[Records for the task Boundary: Start]
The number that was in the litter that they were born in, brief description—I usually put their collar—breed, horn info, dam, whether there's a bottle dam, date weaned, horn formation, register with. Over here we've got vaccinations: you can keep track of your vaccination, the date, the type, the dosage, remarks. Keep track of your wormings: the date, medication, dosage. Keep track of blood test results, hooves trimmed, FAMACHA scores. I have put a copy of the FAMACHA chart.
[Records for the task Boundary: End]
[Records for the task Boundary: Start]
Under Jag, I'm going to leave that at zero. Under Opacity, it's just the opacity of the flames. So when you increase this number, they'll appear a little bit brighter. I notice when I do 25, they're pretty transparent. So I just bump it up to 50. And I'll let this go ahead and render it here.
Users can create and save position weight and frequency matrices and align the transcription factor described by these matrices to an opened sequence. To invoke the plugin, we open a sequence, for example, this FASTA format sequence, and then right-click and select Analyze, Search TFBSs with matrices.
[Records for the task Boundary: End]
* **To do**: Send back an exact copy of only the lines from the line with "Under Jag, I'm" up to and including the line with "Users can create" in the data above.

* **Response to this task**:
Under Jag, I'm going to leave that at zero. Under Opacity, it's just the opacity of the flames. So when you increase this number, they'll appear a little bit brighter. I notice when I do 25, they're pretty transparent. So I just bump it up to 50. And I'll let this go ahead and render it here.
Users can create and save position weight and frequency matrices and align the transcription factor described by these matrices to an opened sequence. To invoke the plugin, we open a sequence, for example, this FASTA format sequence, and then right-click and select Analyze, Search TFBSs with matrices.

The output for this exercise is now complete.